転生してきた私には土地勘もなかったので、外に出歩くこともなくそのまま屋敷にこもりがちな日々が続いていた。
「今日は、兄がおまえの欲しいものを何でも買い与えよう。それに、大通りのところに新しくカフェがオープンしたんだ。一緒にパフェを食べないか」
お兄様は、マリアンヌのことを今でも幼い妹とばかり思っているのか、どことなくウキウキしていた。
私はそんなお兄様が微笑ましくなって、微笑み返した。
* * *
通りには人が溢れかえっていた。
賑やかな休日の大通りを、二人で歩いていく。
「ところで、おまえとロクサーヌとの婚約生活だが、その後順調なのか」
ヴィクトルお勧めのカフェに入って一息ついたところで、お兄様はそう言って改めて私の方に向き直った。
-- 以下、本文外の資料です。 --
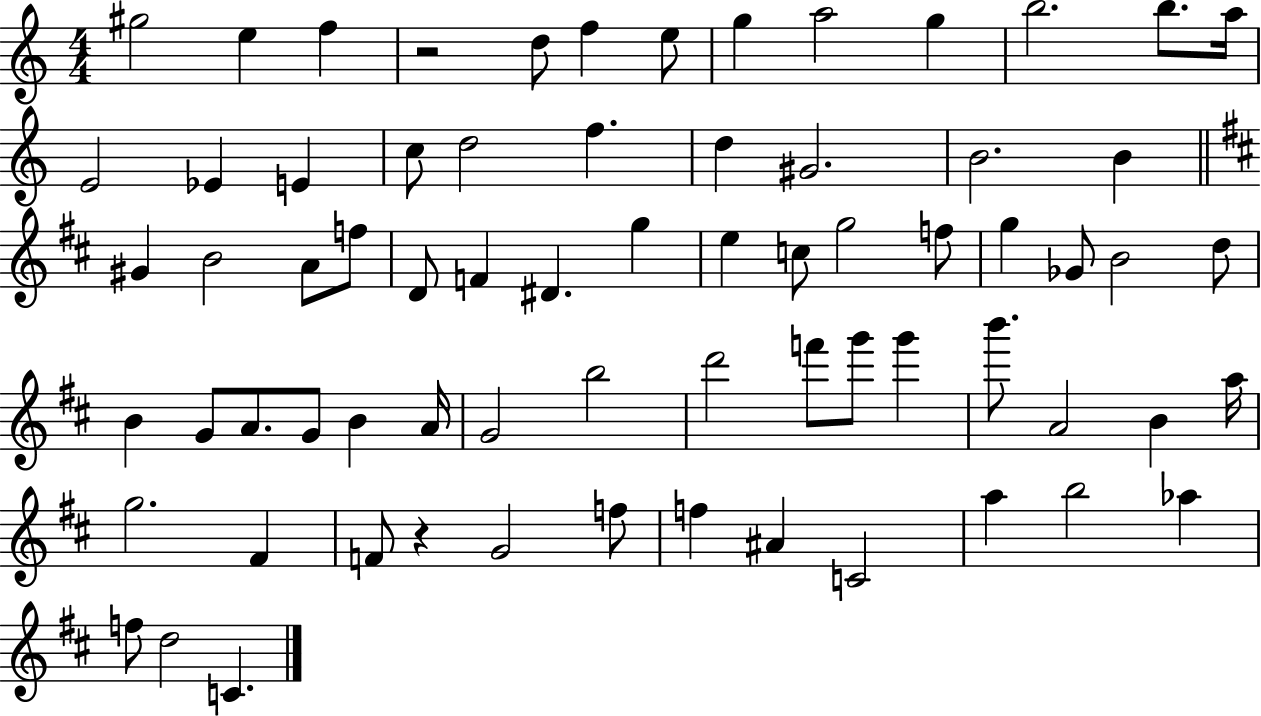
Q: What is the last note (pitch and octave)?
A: C4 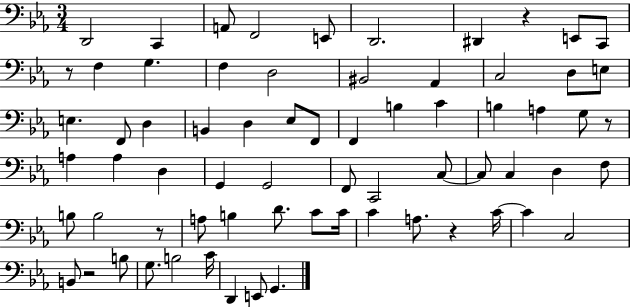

ロクサーヌさまとヴィクトルお兄様は、以前にお兄様がロクサーヌさまの屋敷に押しかけて一悶着あったばかりだった。
一応、夜会の次の日にはお兄様と再会を果たしていたものの、そういえば近況報告などもせずそれきりになってしまっていた。
「はい。あれからは特に何事もなく、平穏に過ごしています」
外では引き続き色々な騒動に巻き込まれてばかりだが、ロクサーヌさまとの関係は良好とも言えるだろう。
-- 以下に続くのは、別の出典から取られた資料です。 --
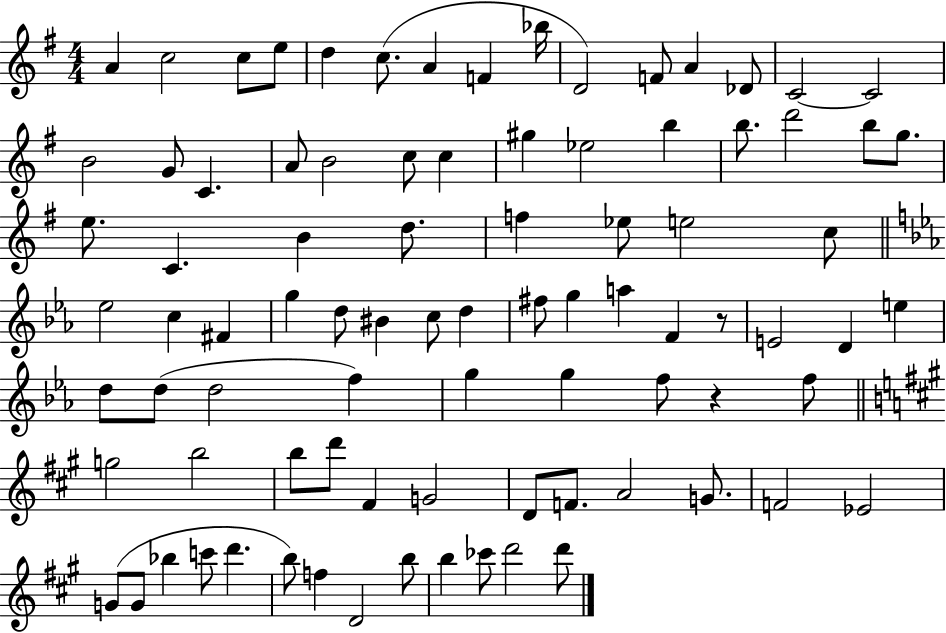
{
  \clef treble
  \numericTimeSignature
  \time 4/4
  \key g \major
  \repeat volta 2 { a'4 c''2 c''8 e''8 | d''4 c''8.( a'4 f'4 bes''16 | d'2) f'8 a'4 des'8 | c'2~~ c'2 | \break b'2 g'8 c'4. | a'8 b'2 c''8 c''4 | gis''4 ees''2 b''4 | b''8. d'''2 b''8 g''8. | \break e''8. c'4. b'4 d''8. | f''4 ees''8 e''2 c''8 | \bar "||" \break \key c \minor ees''2 c''4 fis'4 | g''4 d''8 bis'4 c''8 d''4 | fis''8 g''4 a''4 f'4 r8 | e'2 d'4 e''4 | \break d''8 d''8( d''2 f''4) | g''4 g''4 f''8 r4 f''8 | \bar "||" \break \key a \major g''2 b''2 | b''8 d'''8 fis'4 g'2 | d'8 f'8. a'2 g'8. | f'2 ees'2 | \break g'8( g'8 bes''4 c'''8 d'''4. | b''8) f''4 d'2 b''8 | b''4 ces'''8 d'''2 d'''8 | } \bar "|."
}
ただ、彼は度々強引なところがあって、たまに翻弄されてしまうことも否めないのだけれど。
「本当に? 何かまたあいつに弱みでも握られていないだろうな?」
「そんなまさか……」
「おまえが、ヒースたちに学園を追い出されて、ロクサーヌの屋敷に捕らえられた挙げ句にあいつと婚約すると言い出したときには、一体どうなるかと思ったが――」
「はは、そんなこともありましたね……」
私は苦笑いだった。
「あいつは少々強引なところがある。でも、元気そうなおまえを見て少しだけ安心したよ。
そこそこ順調にやっているようだな」
そういって、ヴィクトルお兄様は優しく微笑む。
お兄様は、相変わらず私のことを気にかけてくれていた。